Muritiba disse que já está pensando em uma estratégia para atingir o público em seu próximo filme. “Eu espero que o filme chegue às pessoas, mas eu não fico me remoendo, mudando as minhas estratégias por isso. Espero que o interesse pelo filme seja genuíno e não forçado”, disse Aly.

Bilheterias de 06 de janeiro a 1 de novembro de 2012 (Comparativo dos dois brasileiros com melhor posição com os filmes analisados na reportagem)

TítuloSalasPúblicoRenda (R$)
E aí Comeu?5142.574.33126.038.739,08
Até que a Sorte nos Separe4252.214.99522.510.371,00
Circular41.50714.427
Um Homem Qualquer91.0938.811,98
Sagrado Segredo54774.676,27
Mãe e Filha36123.931,05

Posição da Ancine
Procurada pelo UOL, a Ancine afirmou que não comenta filmes isoladamente e que só costuma falar sobre o desempenho do cinema brasileiro em janeiro, depois que os números estão consolidados. A Agência, no entanto, afirma que existem quatro tipos de incentivos voltados para a distribuição das produções nacionais:

Fundo Setorial do Audiovisual: Duas linhas de investimento para distribuição e comercialização de filmes brasileiros. A distribuidora inscreve os projetos e, se ele for selecionado, recebe recursos para investir na produção de um filme não finalizado e na comercialização do filme pronto, com dinheiro para cópias e marketing.

Cota de Tela: Mecanismo definido anualmente por decreto presidencial que promove o aumento da competitividade da indústria nacional. Em 2012, dependendo do número de salas de exibição do complexo, os cinemas tiveram que cumprir uma Cota de Tela mínima entre 28 e 63 dias por sala e exibir no mínimo entre três e 14 filmes nacionais diferentes. Para complexos de seis e sete salas, a obrigação será de 63 dias para cada sala e no mínimo oito e nove títulos no complexo. Em reunião realizada recentemente na Ancine, distribuidores, exibidores, cineastas e produtores concordaram em manter esses patamares em 2013.
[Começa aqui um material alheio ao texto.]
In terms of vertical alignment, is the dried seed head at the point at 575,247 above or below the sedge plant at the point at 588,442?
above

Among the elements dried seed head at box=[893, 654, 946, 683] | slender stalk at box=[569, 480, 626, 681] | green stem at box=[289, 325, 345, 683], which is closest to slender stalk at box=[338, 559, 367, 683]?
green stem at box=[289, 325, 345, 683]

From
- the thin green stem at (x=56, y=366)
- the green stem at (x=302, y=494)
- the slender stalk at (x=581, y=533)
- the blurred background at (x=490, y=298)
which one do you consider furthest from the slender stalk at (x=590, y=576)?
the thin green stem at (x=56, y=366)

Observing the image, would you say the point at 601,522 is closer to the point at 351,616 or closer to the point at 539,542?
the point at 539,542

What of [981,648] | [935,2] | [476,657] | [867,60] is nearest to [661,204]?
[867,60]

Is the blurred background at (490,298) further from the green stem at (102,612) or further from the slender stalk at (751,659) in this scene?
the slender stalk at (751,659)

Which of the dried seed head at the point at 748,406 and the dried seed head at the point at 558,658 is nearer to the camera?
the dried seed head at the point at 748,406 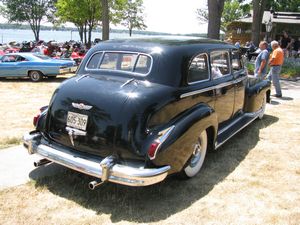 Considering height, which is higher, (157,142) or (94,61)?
(94,61)

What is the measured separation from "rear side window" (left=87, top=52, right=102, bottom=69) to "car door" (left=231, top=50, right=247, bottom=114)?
7.71ft

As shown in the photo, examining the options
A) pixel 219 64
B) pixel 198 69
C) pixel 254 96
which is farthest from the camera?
pixel 254 96

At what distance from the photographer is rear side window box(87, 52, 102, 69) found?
201 inches

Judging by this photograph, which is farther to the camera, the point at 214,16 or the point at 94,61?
the point at 214,16

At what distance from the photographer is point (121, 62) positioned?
488cm

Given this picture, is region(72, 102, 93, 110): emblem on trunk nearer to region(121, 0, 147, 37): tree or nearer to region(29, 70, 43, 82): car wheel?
region(29, 70, 43, 82): car wheel

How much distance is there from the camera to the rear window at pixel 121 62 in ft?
15.1

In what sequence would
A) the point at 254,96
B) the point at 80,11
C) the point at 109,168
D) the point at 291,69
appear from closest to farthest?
the point at 109,168 < the point at 254,96 < the point at 291,69 < the point at 80,11

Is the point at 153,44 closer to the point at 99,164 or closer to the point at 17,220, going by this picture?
the point at 99,164

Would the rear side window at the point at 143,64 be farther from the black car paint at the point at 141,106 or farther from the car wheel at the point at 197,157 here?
the car wheel at the point at 197,157

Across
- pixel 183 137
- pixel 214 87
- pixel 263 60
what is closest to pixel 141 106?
pixel 183 137

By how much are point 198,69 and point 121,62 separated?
3.50ft

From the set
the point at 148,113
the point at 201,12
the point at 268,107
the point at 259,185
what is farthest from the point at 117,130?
the point at 201,12

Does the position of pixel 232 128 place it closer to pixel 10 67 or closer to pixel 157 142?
pixel 157 142
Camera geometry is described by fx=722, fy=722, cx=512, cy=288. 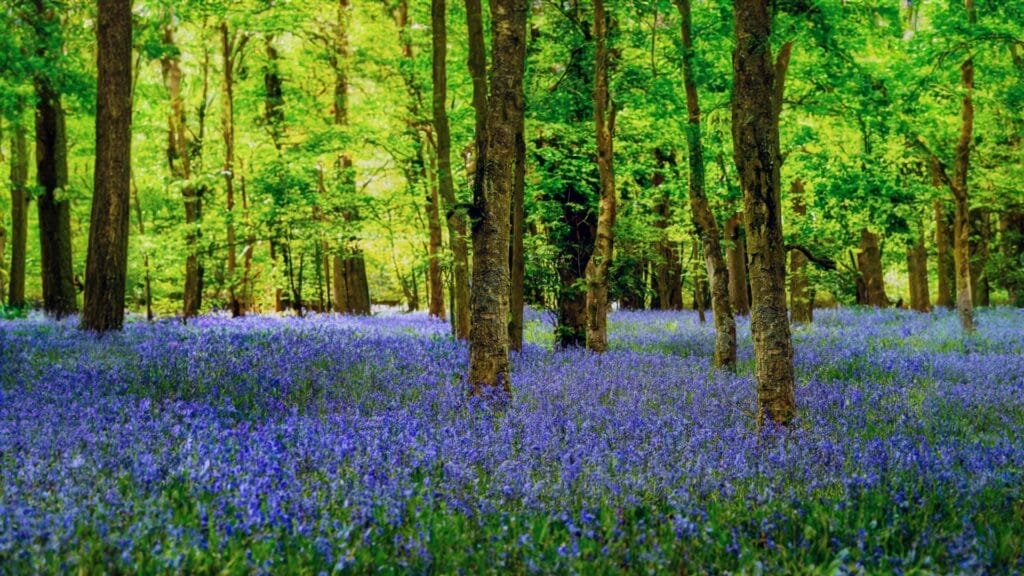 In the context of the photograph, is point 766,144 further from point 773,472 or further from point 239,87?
point 239,87

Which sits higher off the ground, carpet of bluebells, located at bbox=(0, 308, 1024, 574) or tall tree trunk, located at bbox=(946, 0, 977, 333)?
tall tree trunk, located at bbox=(946, 0, 977, 333)

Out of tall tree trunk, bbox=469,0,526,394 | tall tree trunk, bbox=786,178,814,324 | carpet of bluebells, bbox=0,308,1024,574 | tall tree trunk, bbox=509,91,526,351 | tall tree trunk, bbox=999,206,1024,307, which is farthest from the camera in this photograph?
tall tree trunk, bbox=999,206,1024,307

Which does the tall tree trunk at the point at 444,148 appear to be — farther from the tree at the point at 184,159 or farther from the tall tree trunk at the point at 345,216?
the tree at the point at 184,159

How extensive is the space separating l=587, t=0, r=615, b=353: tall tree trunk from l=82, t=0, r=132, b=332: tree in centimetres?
711

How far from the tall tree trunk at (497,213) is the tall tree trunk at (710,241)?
11.5ft

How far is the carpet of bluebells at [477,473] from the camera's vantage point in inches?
125

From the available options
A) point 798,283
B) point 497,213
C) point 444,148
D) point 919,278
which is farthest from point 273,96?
point 919,278

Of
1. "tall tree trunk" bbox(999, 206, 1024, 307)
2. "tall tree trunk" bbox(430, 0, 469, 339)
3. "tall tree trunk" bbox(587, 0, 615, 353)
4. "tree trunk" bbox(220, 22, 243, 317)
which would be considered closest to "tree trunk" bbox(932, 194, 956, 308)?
"tall tree trunk" bbox(999, 206, 1024, 307)

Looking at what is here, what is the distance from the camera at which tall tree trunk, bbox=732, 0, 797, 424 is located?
5449 millimetres

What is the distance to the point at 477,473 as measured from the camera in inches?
171

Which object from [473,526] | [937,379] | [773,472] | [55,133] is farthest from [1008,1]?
[55,133]

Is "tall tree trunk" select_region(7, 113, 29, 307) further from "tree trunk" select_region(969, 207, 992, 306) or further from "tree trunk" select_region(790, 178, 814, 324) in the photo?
"tree trunk" select_region(969, 207, 992, 306)

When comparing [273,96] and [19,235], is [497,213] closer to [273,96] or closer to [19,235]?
[19,235]

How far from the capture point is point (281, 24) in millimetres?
17906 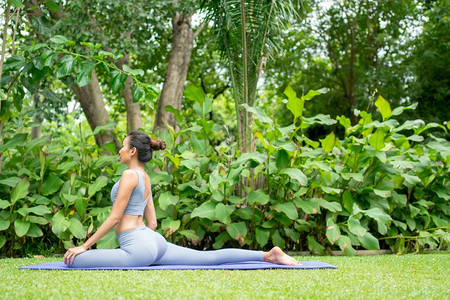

Prêmio Adicional de Renda: Todo ano a Ancine premia distribuidores independentes que apostaram em filmes nacionais. O valor do prêmio deve ser reinvestido na própria atividade de distribuição, em projetos futuros.

Linha de crédito para digitalização: A partir de 2013, recursos serão destinados para a compra de projetores digitais e equipamentos correlatos. O objetivo geral é promover a modernização do parque exibidor brasileiro e eliminar barreiras para a distribuição física dos filmes.